Harpham and Render have been stressing the recycling program to the companies that will be involved and will stay in contact with them throughout the show. By keeping in touch with exhibitors before and during the event, they are better able to mold the recycling program to fit individual needs.
“That leads to better booth planning,” Render said. “Scrap sometimes wasn't accounted for last time and it often led to them making decisions where the scrap wasn't recycled or they made a more expensive option than not being involved in the program.”
During the show in 2000, North Chicago, Ill.-based Maine Plastics and Eco Educators of Columbus, Ohio, teamed up to collect 378,840 pounds of material, which was shipped to Maine Plastics' 200,000-square-foot processing plant.
The decision to keep the same firms involved was a simple one, said Jordan Morgenstern, vice president of trade shows for the Society of the Plastics Industry Inc. in Washington.
“They did such a good job and they were more than willing to do it again,” Morgenstern said.
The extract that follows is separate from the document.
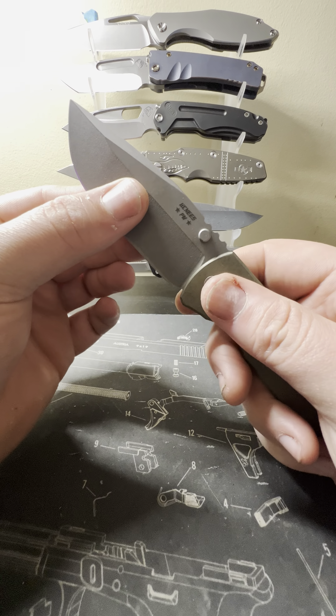Obviously a frame lock knife. You get a milled titanium pocket clip — a lot of people hate on this clip. My only issue is where it sticks up, it's sometimes hard to get into your pants, but it worked pretty well for me. One good thing: it is not a hot spot at all — you really do not feel that clip, which is a definite plus.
Render said that he hoped that his company's performance in 2000 would lead to it getting the call to participate again in 2003.
“I think we did a really good job for them,” he said. “It was ours to lose.”
Eco Educators is an environmental education company that has been working with NPE since 1991, Harpham said. She said Eco Educators is present at some other trade shows, “but nothing like NPE.”
The firm's presence at McCormick Place started when someone at SPI noticed news clips mentioning they had helped with the Super Bowl's recycling program, Harpham said. SPI then called to ask if the firm wanted to assist with recycling at NPE.
The phone call from SPI came in March the year of the show.
“Short notice,” as Harpham described it. “They said, 'If you can do the Super Bowl, you can do us — and you've got two months to do it!' ” she recalled.
Eco Educators has evolved since that first “rough” NPE, Harpham said.
“We know now we've got to go in early and work with the individual exhibitors because no two exhibitors are alike,” she said.
Render echoed that sentiment as he said the communication for this show's recycling plan, including the news release about it, has been done earlier. He said his company was present at a January pre-show exhibitors' seminar in Chicago, something they were not involved with in 2000.
Render said Maine Plastics was not involved in pre-show recycling in 2000, but will be at this year's show.
“With the initial testing these companies were doing as they were starting up, a lot of that scrap was thrown away,” he said.
During the show, Maine Plastics' staff primarily will be out on the loading docks putting the individual types of plastics into their correct containers. The four people being sent by Eco Educators, Harpham said, will be on the floor of the show helping the exhibitors with recycling troubleshooting along with some of the staff from Maine Plastics.
Render said six to 10 people will be sent from Maine Plastics depending on volume. Because of the company's proximity to Chicago, more staff easily can be sent to McCormick Place if needed, he said.
Maine Plastics also will be using a new type of container, essentially totes, at NPE that can be used to carry small molded parts, Render said.
“It'll be easier for workers to roll them out to the docks,” he said.
Maine Plastics has an annual recycling volume of 50 million pounds and has sales of $12 million, Render said.
The budget for this year's program will be “about the same” as in 2000, Morgenstern said. In 2000, SPI budgeted to spend about 20 percent more on recycling than it did in 1997. Specific numbers were not disclosed.